The term ‘kickback’ is defined by Public Law 99-634 as any money, fee, commission, credit, gift, gratuity, thing of value, or compensation of any kind which is provided directly or indirectly, to any prime contractor, prime contractor employee, subcontractor or subcontractor employee for the purpose of improperly obtaining or rewarding favorable treatment in connection with a prime contract or in connection with a subcontract relating to a prime contract.”
What is explicitly prohibited is for any person or persons to: (1) provide, attempt to provide or offer to provide any kickback; (2) solicit, accept or attempt to accept any kickback; or (3) to include, directly or indirectly, the amount of any kickback in the contract price charged by a subcontractor or a prime contractor or a higher tier subcontractor or in the contract price charged by a prime contractor of the United States.
The Public Law goes on to state that contractors, through contractual terms shall: (1) have in place reasonable procedures (and practices) designed to prevent and detect violations; (2) cooperate fully with any Federal government agency investigating a violation; and (3) report the possible violation in writing to the Inspector General of the contracting agency.
Both criminal and civil penalties can be assessed. Any person knowingly and willfully engaging in the prohibited conduct shall be imprisoned for not more than ten years or be subject to fines or both. Civil penalties for any person shall be assessed at twice the amount of the kickback involved and be not more than $10,000 for each occurrence. A civil penalty may also be assessed on any person whose employees, subcontractors, or subcontractors employees violate the Public Law.
Kickbacks can and do involve all functional areas of a business, not only procurement but those personnel defining procurement specifications, requirement levels, timing and even the need to procure an item or service at all through a make-or-buy decision. Kickbacks are hard to detect and standard financial audits or contractor purchasing system reviews (CPSRs) are not designed to or likely uncover them.
As a contractor wanting to minimize the risk of non-compliance with Public Law 99-634 you should:
- Develop and implement a strong code of business ethics and conduct addressing a commitment to compliance with the anti-kickback act;
- Document the process for determining the need to procure outside products or services through the thorough make-or-buy decision making and source selection;
- Define required levels of approval authority for all outside procurement and make-of-buy decisions;
- Establish the process for disclosing possible non-compliances in a timely manner and through what channels;
- Provide training to all relevant employees and subcontractors as to the nature and intent of the anti-kickback compliance requirements;
- Modify purchase order boilerplate and subcontract agreements to include an acknowledgment of your anti-kickback requirements and their certification of understanding and commitment to compliance.

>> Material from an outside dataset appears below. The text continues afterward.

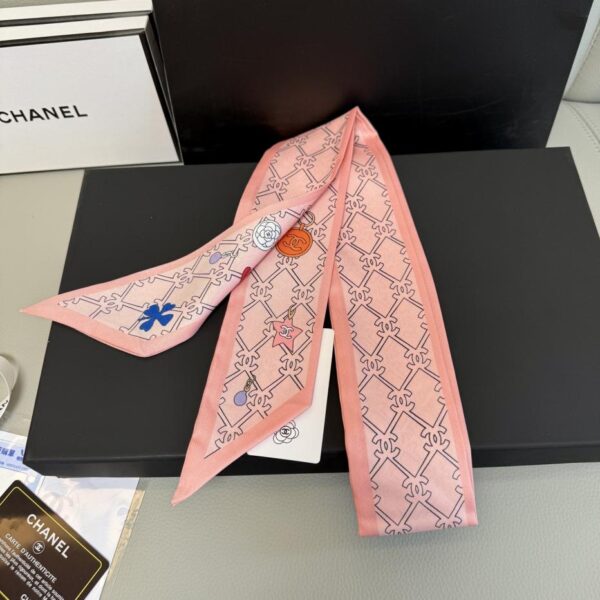 repliche,replica,perfette,siti di,affidabili,migliori siti,dove comprare,1:1,scarpe da ginnastica Sciarpa Chanel in seta doppio strato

To establish a compliance monitoring and detection process, contractors need to identify areas of potential non-compliance with the anti-kickback requirements. The risk identification process should include:
- Circumvention of the proceduralized source selection process;
- Improper disqualification of bids;
- Insufficient sole-source rationale;
- Lack of the proper level of approval authorization;
- Missing or incomplete cost/price analysis;
- Validation of proper and complete sequential date/time;
- Confirmation of the bidders qualifications;
- Identify alternating courtesy bidding practices by vendors;
- Repetitive procurements with values marginally below established approval levels;
- Consistent and repetitive timing of procurements by the same buyer (person) with specific suppliers;
- Unauthorized change orders revising order value and/or scope;
- Evidence of bid revision (bumps) to assure a specific supplier is the “low bidder”;
- Specifications developed to restrict competitive bidding;
- Proper recognition of supplier qualifications;
- Identify split bidding and procurement; and
- Leaking of bid information.
Awareness of the potential risk of kickbacks and the warning signs that may exist along with established policies and practices designed to detect non-compliance goes a long way toward avoiding these situations.